Shedding light on the dark side

Ian Taylor of Dunedin's Animation Research admits he's a partial convert to the Microsoft way of thinking.

Ian Taylor (pictured) of Dunedin’s Animation Research admits he’s a partial convert to the Microsoft way of thinking.

Computerworld spoke to Taylor after an address at an “open house” for Microsoft’s New Zealand “innovation centre”, where projects had been developed to “proof of concept” stage.

Asked whether structures like the Microsoft centre risk diverting the government and New Zealand ICT companies down a proprietary path, Taylor says companies like his “use what works”.

Animation Research had that debate “six or seven years ago”, he says, when it realised there would be benefits in moving away from Unix on larger processors to Microsoft-dominated PCs.

“Our staff came from a long programming tradition that considered Microsoft to be ‘the dark side’, and we had a lengthy debate about that.”

Now, he says, ARL sees some of the advantages of moving over, in the shape of innovative Microsoft software. A recent 19-year-old recruit to the company told his colleagues the animations they were doing for a particular project could be done far more quickly using ASP .Net and Visual Studio .Net, and he was proved to be right, says Taylor.

“Our own software is proprietary. In moving it to Microsoft, you could say we were shifting away from a proprietary environment at least to something that a lot of other people use.”

The centre demonstrates how public- and private-sector companies can work together on IT projects, something Taylor is keen on.
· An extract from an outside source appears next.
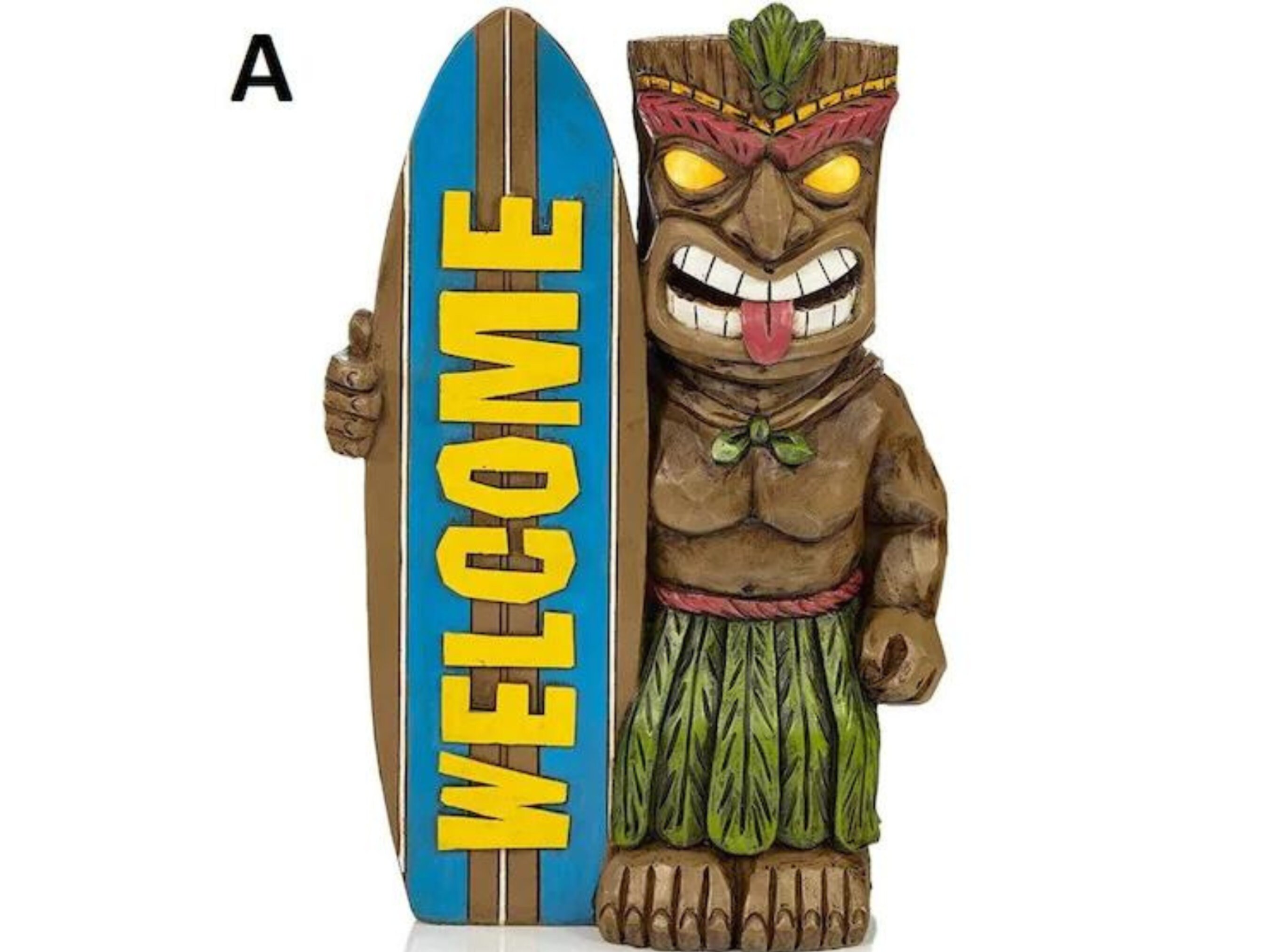 Tiki Guard Solar Powered Outdoor Decor LED Garden Light Etsy UK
He once told a television reporter in the wake of the Prime Minister’s innovation policy speech last year that it was hard to say “innovation” and “government” in the same sentence. He also talked about the constructive help of bodies like Industry New Zealand and the Foundation for Research Science and Technology, but the negative comment was the only remark that was broadcast, he says.

These days, he says we should be taking every opportunity to link the two.

“We’re beginning to break them [government and its attitude] down,” he says.

Government obviously has to work within certain constraints, including being rather risk-averse, because it is dealing with taxpayers’ money. But recent discussions, including a visual simulation project he refuses to talk about publicly because a contract has not yet been signed, indicate real communications have opened up, he says.

“We have parts of the puzzle,” says Taylor, who is a member of the government’s ICT working party.

“Government has other parts,” he says. “At times it seems we can’t get anyone to listen, and we want to say ‘just listen to us. Then if you like, you can tell us why you can’t do it.’ There have to be innovative ways of further breaking down the barriers,” he says.

“We should be taking every opportunity to put ‘government’ and ‘innovation’ in the same sentence.”

In his move closer to Microsoft, Taylor does, though, admit to a feeling of uneasiness when downloading the vendor’s software and being asked to supply his name, address, phone number and email address “to someone I don’t really know”.

Now that Linux has made a breed of Unix popular and available on $2000 machines, would he be likely to change back? The situation changes all the time, he says.

“We may do some stuff in Linux at some point.”